They did, however, spend enough money to qualify among the league's highest-spenders, a result of the Jaguars taking a quantity-based approach to free agency under former head coach Urban Meyer and incumbent general manager Trent Baalke.

So, which Jaguars free agents stood out and which failed to meet expectations during the 3-14 campaign? In an effort to review Baalke's latest free agency class, we have opted to go through each player on a case-by-case basis.

After breaking down cornerback Shaquill Griffin, we now take a look at the offense with tight end Chris Manhertz.

After signing a two-year, $6.65 million deal with $4.25 million in guarantees last March, Manhertz played 36% of the Jaguars' offensive snaps and recorded six catches for 71 yards and one touchdown on nine targets. 

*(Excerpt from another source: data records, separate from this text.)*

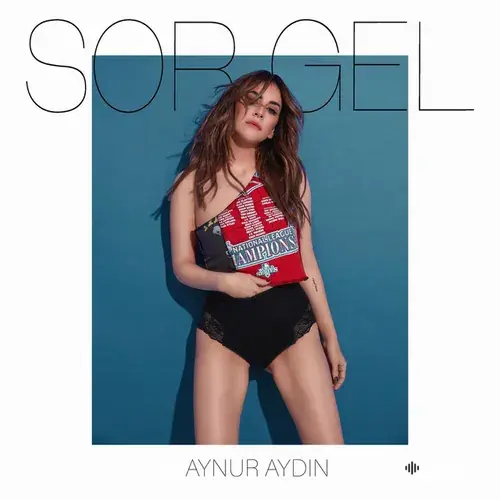 Aynur Aydin - Sor Gel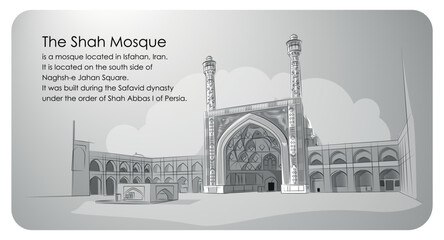 
the shah mosque. Important mosque of islam On gray background, islamic history, tourist attraction, world heritage, building. line art black and white vector illustration.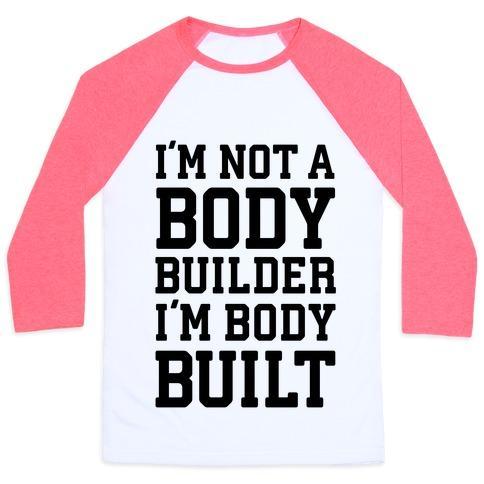 Virgin Teez  Baseball Tee Unisex Classic Baseball Tee / x-small / White/Neon Pink I'M NOT A BODY BUILDER, I'M BODY BUILT UNISEX CLASSIC BASEBALL TEE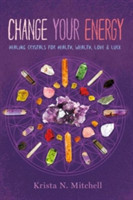Change Your Energy, Change Your Life Using Healing Crystals for Health, Wealth, Love and Luck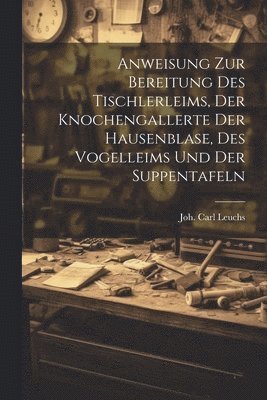 bokomslag Anweisung Zur Bereitung Des Tischlerleims, Der Knochengallerte Der Hausenblase, Des Vogelleims Und Der Suppentafeln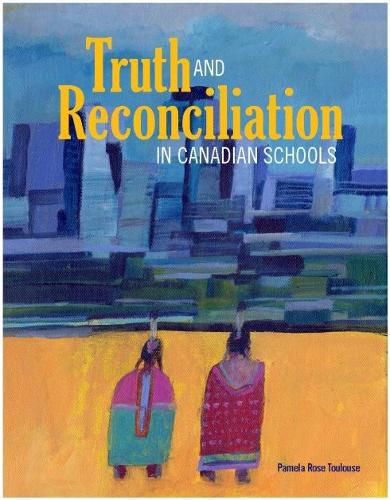 Cover image for Truth and Reconciliation in Canadian Schools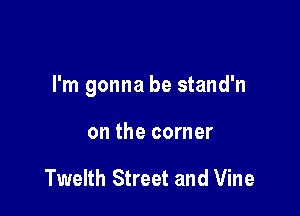I'm gonna be stand'n

on the corner

Twelth Street and Vine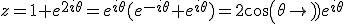 z=1+e^{2i\theta}=e^{i\theta}(e^{-i\theta}+e^{i\theta})=2cos(\theta)e^{i\theta}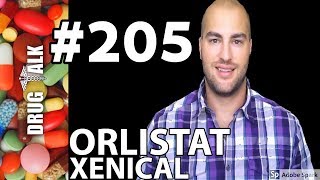 ORLISTAT XENICAL  PHARMACIST REVIEW  205 [upl. by Nations]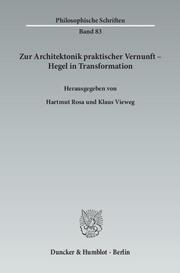 Zur Architektonik praktischer Vernunft - Hegel in Transformation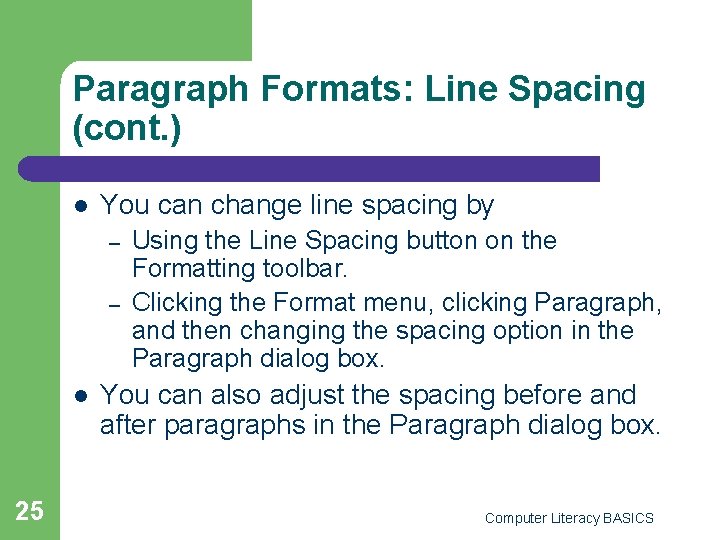 Paragraph Formats: Line Spacing (cont. ) l You can change line spacing by –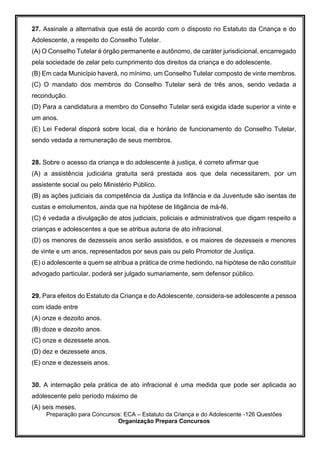 Preparação para Concursos: ECA – Estatuto da Criança e do Adolescente -126 Questões
Organização Prepara Concursos
27. Assinale a alternativa que está de acordo com o disposto no Estatuto da Criança e do
Adolescente, a respeito do Conselho Tutelar.
(A) O Conselho Tutelar é órgão permanente e autônomo, de caráter jurisdicional, encarregado
pela sociedade de zelar pelo cumprimento dos direitos da criança e do adolescente.
(B) Em cada Município haverá, no mínimo, um Conselho Tutelar composto de vinte membros.
(C) O mandato dos membros do Conselho Tutelar será de três anos, sendo vedada a
recondução.
(D) Para a candidatura a membro do Conselho Tutelar será exigida idade superior a vinte e
um anos.
(E) Lei Federal disporá sobre local, dia e horário de funcionamento do Conselho Tutelar,
sendo vedada a remuneração de seus membros.
28. Sobre o acesso da criança e do adolescente à justiça, é correto afirmar que
(A) a assistência judiciária gratuita será prestada aos que dela necessitarem, por um
assistente social ou pelo Ministério Público.
(B) as ações judiciais da competência da Justiça da Infância e da Juventude são isentas de
custas e emolumentos, ainda que na hipótese de litigância de má-fé.
(C) é vedada a divulgação de atos judiciais, policiais e administrativos que digam respeito a
crianças e adolescentes a que se atribua autoria de ato infracional.
(D) os menores de dezesseis anos serão assistidos, e os maiores de dezesseis e menores
de vinte e um anos, representados por seus pais ou pelo Promotor de Justiça.
(E) o adolescente a quem se atribua a prática de crime hediondo, na hipótese de não constituir
advogado particular, poderá ser julgado sumariamente, sem defensor público.
29. Para efeitos do Estatuto da Criança e do Adolescente, considera-se adolescente a pessoa
com idade entre
(A) onze e dezoito anos.
(B) doze e dezoito anos.
(C) onze e dezessete anos.
(D) dez e dezessete anos.
(E) onze e dezesseis anos.
30. A internação pela prática de ato infracional é uma medida que pode ser aplicada ao
adolescente pelo período máximo de
(A) seis meses.
 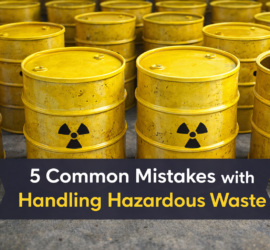 Weathered yellow barrels with radioactive warning symbols arranged in rows, showing signs of rust and wear. A dark blue banner with bold text reading "5 Common Mistakes with Handling Hazardous Waste" is displayed at the bottom, emphasizing safety concerns and waste management.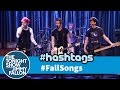 5 Seconds Of Summer Hashtags FallSongs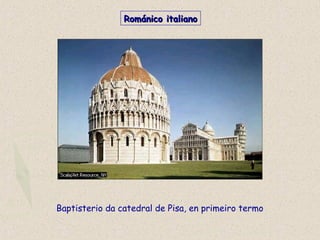 Baptisterio da catedral de Pisa, en primeiro termo
Románico italianoRománico italiano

So, what did Manhertz show in his first season with the Jaguars and what does it mean moving forward?

What Went Right

If you simply look at the totality of Manhertz's career, 2021 was a step in the right direction as a pass-catcher. Manhertz was an afterthought in the passing game, but his nine targets are a career-high despite the fact he played over 100 more snaps with the Panthers last season. Manhertz wasn't a focal point of the passing game in any aspect, but he did get more passes thrown his way in 2021 than in any other year of his career, and he didn't disappoint with the limited opportunities.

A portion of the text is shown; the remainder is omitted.